On Tuesday, George W. Bush is scheduled to give a speech intended to put him
in front of the growing national outrage over corporate malfeasance. He will sternly
lecture Wall Street executives about ethics and will doubtless portray himself
as a believer in old-fashioned business probity.
Yet this pose is surreal, given the way top officials like Secretary of the
Army Thomas White, Dick Cheney and Mr. Bush himself acquired their wealth. As
Joshua Green says in The Washington Monthly, in a
must-read article written just before the administration suddenly became such
an exponent of corporate ethics: "The `new tone' that George W. Bush brought to
Washington isn't one of integrity, but of permissiveness. . . . In this administration,
enriching oneself while one's business goes bust isn't necessarily frowned upon."

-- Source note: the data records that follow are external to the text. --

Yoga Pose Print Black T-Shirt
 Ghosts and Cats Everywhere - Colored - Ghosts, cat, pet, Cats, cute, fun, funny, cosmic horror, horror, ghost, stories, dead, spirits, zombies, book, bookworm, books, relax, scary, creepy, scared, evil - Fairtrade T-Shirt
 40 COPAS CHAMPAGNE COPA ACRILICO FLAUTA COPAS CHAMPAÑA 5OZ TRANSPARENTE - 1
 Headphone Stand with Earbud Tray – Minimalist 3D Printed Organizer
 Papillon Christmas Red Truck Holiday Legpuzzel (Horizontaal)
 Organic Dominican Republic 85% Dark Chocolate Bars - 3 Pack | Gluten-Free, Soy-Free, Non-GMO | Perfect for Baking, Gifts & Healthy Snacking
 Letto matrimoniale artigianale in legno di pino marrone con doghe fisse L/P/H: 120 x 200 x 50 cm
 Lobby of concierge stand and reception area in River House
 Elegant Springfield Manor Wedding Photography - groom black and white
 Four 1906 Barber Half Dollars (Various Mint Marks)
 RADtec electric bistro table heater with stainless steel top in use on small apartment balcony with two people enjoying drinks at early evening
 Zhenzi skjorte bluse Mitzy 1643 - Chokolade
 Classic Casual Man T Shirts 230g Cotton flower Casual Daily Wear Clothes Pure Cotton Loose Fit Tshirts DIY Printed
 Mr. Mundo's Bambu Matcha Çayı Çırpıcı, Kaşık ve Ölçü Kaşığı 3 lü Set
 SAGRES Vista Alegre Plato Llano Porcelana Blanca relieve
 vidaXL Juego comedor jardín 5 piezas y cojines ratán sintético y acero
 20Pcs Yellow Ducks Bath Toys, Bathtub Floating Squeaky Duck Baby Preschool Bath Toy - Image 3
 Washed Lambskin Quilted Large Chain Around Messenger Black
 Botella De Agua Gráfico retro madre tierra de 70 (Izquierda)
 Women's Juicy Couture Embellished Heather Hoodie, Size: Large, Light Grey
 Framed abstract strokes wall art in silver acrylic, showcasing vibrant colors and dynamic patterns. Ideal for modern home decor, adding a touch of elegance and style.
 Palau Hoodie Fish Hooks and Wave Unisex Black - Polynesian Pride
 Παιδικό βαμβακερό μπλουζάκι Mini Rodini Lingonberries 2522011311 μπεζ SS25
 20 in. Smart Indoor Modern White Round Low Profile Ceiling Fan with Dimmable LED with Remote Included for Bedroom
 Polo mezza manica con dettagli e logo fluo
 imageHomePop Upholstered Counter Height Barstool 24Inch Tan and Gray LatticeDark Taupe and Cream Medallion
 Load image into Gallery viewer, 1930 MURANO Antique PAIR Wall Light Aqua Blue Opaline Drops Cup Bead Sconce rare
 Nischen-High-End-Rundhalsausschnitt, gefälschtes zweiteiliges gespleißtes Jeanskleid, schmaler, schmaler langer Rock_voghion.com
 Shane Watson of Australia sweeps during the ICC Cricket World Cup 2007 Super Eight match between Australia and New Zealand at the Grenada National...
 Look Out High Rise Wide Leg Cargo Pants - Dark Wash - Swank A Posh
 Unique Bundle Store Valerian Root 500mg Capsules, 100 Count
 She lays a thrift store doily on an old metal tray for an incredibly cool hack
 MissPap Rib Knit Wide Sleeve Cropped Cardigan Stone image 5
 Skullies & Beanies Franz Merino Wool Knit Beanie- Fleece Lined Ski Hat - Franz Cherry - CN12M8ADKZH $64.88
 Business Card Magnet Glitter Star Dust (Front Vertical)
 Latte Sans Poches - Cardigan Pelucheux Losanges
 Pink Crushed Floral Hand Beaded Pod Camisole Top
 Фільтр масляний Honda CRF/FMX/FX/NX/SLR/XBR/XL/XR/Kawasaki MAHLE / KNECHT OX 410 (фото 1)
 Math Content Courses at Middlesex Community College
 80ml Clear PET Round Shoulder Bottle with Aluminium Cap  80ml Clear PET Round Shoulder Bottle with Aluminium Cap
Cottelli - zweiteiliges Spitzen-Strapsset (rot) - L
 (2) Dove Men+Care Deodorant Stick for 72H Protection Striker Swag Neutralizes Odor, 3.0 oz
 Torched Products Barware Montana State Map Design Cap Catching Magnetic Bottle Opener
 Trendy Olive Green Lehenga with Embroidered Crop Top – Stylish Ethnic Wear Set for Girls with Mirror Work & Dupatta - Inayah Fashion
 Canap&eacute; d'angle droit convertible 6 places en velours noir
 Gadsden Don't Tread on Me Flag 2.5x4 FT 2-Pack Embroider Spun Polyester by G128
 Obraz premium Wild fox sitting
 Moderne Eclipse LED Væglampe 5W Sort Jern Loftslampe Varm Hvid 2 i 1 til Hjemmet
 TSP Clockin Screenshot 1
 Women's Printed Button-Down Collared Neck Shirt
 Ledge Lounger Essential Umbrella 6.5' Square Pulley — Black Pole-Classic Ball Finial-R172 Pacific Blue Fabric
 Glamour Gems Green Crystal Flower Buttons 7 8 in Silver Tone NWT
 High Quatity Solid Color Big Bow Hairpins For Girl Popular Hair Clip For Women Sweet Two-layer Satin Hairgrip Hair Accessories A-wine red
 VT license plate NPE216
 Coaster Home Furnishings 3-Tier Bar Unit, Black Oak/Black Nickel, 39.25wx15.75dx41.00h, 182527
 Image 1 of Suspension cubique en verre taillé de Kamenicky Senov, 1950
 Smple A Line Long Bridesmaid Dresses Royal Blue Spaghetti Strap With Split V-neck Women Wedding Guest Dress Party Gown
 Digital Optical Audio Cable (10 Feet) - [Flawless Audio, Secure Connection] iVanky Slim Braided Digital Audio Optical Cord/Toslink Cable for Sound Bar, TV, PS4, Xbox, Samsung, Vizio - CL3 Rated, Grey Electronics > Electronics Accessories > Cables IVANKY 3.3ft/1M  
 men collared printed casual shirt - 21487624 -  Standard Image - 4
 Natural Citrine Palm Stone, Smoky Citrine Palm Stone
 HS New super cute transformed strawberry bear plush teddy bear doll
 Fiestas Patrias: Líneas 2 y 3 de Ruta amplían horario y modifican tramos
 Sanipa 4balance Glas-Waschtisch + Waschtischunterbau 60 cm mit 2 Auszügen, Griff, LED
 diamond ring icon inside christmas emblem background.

Unfortunately, the administration has so far gotten the press to focus on
the least important question about Mr. Bush's business dealings: his failure to
obey the law by promptly reporting his insider stock sales. It's true that Mr.
Bush's story about that failure has suddenly changed, from "the dog ate my homework"
to "my lawyer ate my homework — four times." But the administration hopes that
a narrow focus on the reporting lapses will divert attention from the larger point:
Mr. Bush profited personally from aggressive accounting identical to the recent
scams that have shocked the nation.
In 1986, one would have had to consider Mr. Bush a failed businessman. He
had run through millions of dollars of other people's money, with nothing to show
for it but a company losing money and heavily burdened with debt. But he was rescued
from failure when Harken Energy bought his company at an astonishingly high price.
There is no question that Harken was basically paying for Mr. Bush's connections.
Despite these connections, Harken did badly. But for a time it concealed its
failure — sustaining its stock price, as it turned out, just long enough for Mr.
Bush to sell most of his stake at a large profit — with an accounting trick identical
to one of the main ploys used by Enron a decade later. (Yes, Arthur Andersen was
the accountant.) As I explained in my previous column, the ploy works as follows:
corporate insiders create a front organization that seems independent but is really
under their control. This front buys some of the firm's assets at unrealistically
high prices, creating a phantom profit that inflates the stock price, allowing
the executives to cash in their stock.
That's exactly what happened at Harken. A group of insiders, using money borrowed
from Harken itself, paid an exorbitant price for a Harken subsidiary, Aloha Petroleum.
That created a $10 million phantom profit, which hid three-quarters of the company's
losses in 1989. White House aides have played down the significance of this maneuver,
saying $10 million isn't much, compared with recent scandals. Indeed, it's a small
fraction of the apparent profits Halliburton created through a sudden change in
accounting procedures during Dick Cheney's tenure as chief executive. But for
Harken's stock price — and hence for Mr. Bush's personal wealth — this accounting
trickery made all the difference.
Oh, and Harken's fake profits were several dozen times as large as the Whitewater
land deal — though only about one-seventh the cost of the Whitewater investigation.
Mr. Bush was on the company's audit committee, as well as on a special restructuring
committee; back in 1994, another member of both committees, E. Stuart Watson,
assured reporters that he and Mr. Bush were constantly made aware of the company's
finances. If Mr. Bush didn't know about the Aloha maneuver, he was a very negligent
director.
In any case, Mr. Bush certainly found out what his company had been up to
when the Securities and Exchange Commission ordered it to restate its earnings.
So he can't really be shocked over recent corporate scams. His own company pulled
exactly the same tricks, to his considerable benefit. Of course, what really made
Mr. Bush a rich man was the investment of his proceeds from Harken in the Texas
Rangers — a step that is another, equally strange story.
The point is the contrast between image and reality. Mr. Bush portrays himself
as a regular guy, someone ordinary Americans can identify with. But his personal
fortune was built on privilege and insider dealings — and after his Harken sale,
on large-scale corporate welfare. Some people have it easy.